Computer Science/Discrete Mathematics Seminar I
Polynomial-time tensor decompositions via sum-of-squares
Tensor decompositions have been the key algorithmic components in provable learning of a wide range of hidden variable models such as topic models, Gaussian mixture models, independent component analysis, dictionary learning. Despite its success, one of the challenges in this area is to decompose over-complete 3rd-order tensors robustly. In most applications, it’s important to handle low order tensor with good noise tolerance to achieve small sample complexity, and over-complete tensors show up when the dimensionality of the latent representation is larger than the ambient dimension. In this talk I will present a polynomial time sum-of-squares algorithm that decomposes random 3rd-order tensor with rank at most $d^{1.5-\\delta}$ where $d$ is the ambient dimension.
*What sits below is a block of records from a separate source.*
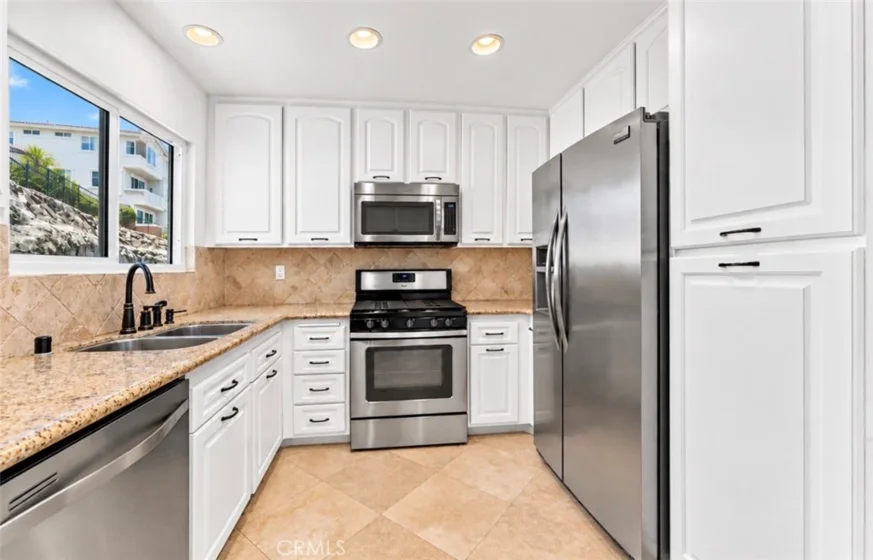 30902 Clubhouse Drive #14H photo 6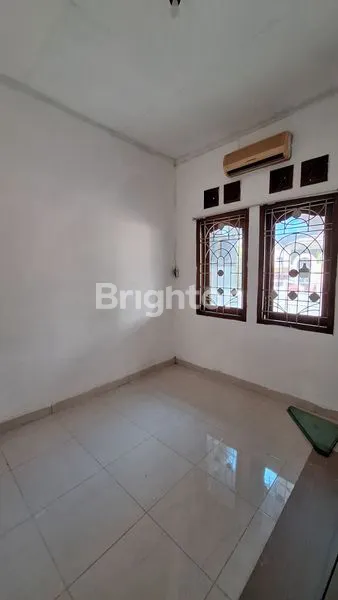 image RUMAH MEWAH SEMI-FURNISHED 3KT DI GRAHA SATELIT, GOWA (4)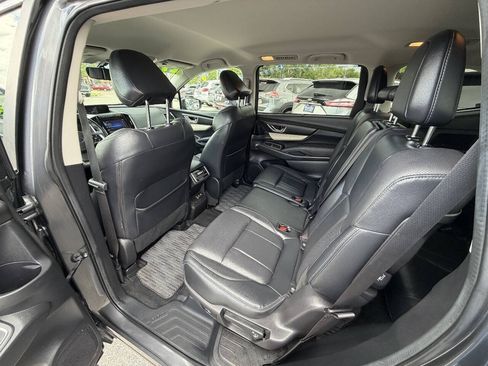 Used 2022 Subaru Ascent Limited AWD/4WD image 12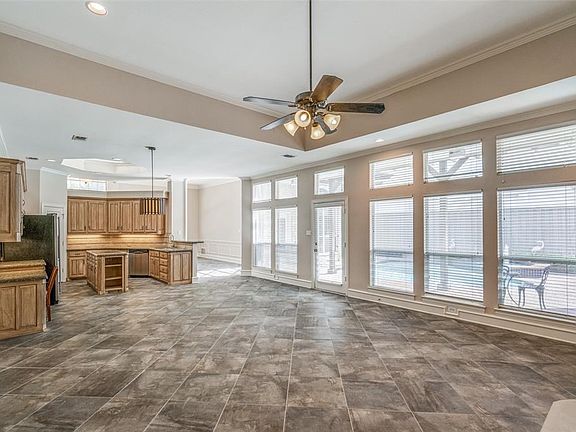 2nd image of 5012 Hudson Dr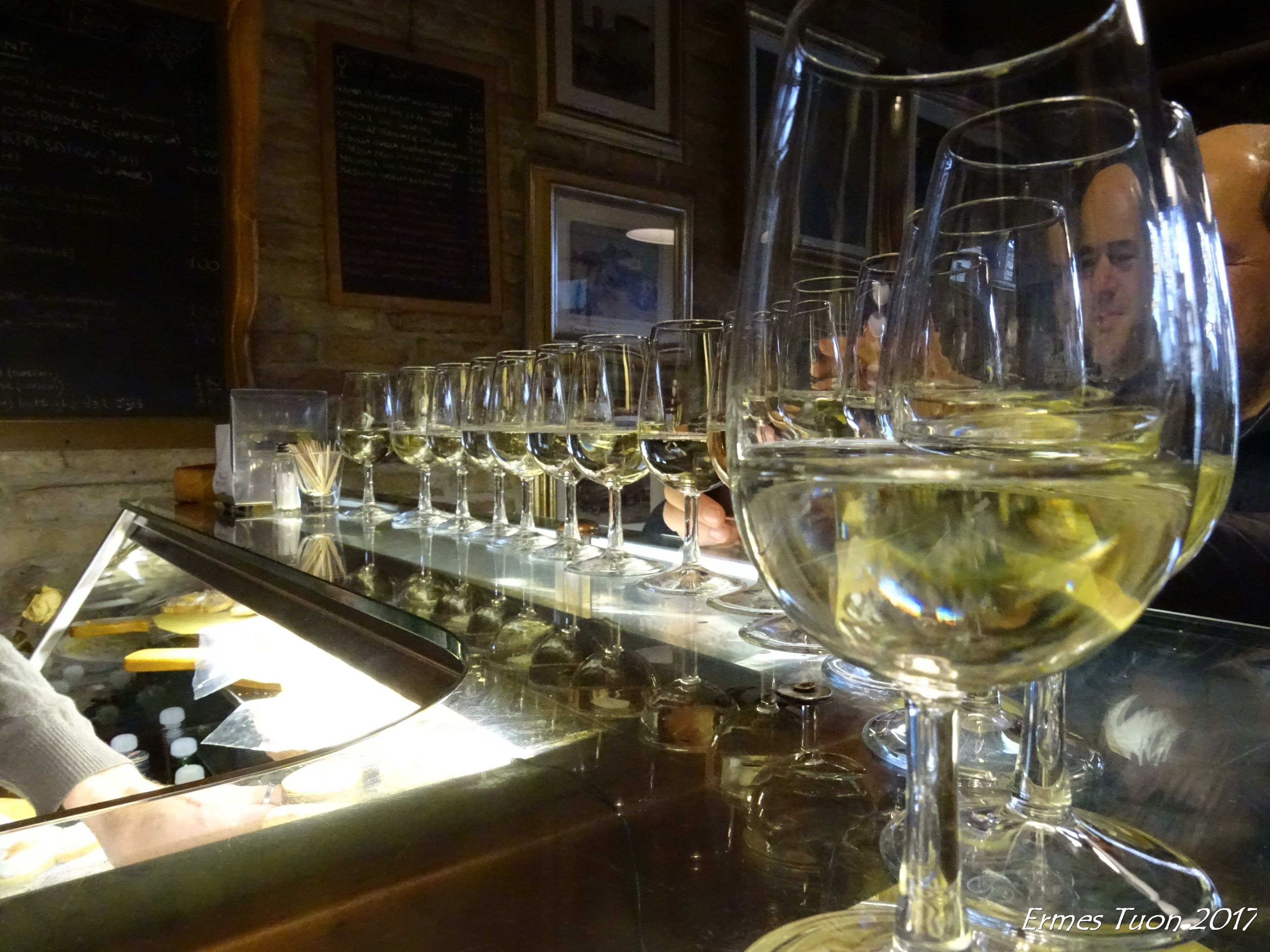 Caption - Prosecco's glasses filled during wine meet-up 2017 - Treviso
Previously only quasi-polynomial time algorithms (Ge and Ma’15) were known to achieve these guarantees. A new ingredient in the analysis of our rounding algorithms is that we extracted a moment matrix with good spectral gap from solutions to sum-of-squares relaxations. To enable this analysis we augment sum-of-squares relaxations with certain maximum entropy constraints. This technique could potentially have applications elsewhere. Based on joint work with Jonathan Shi and David Steurer.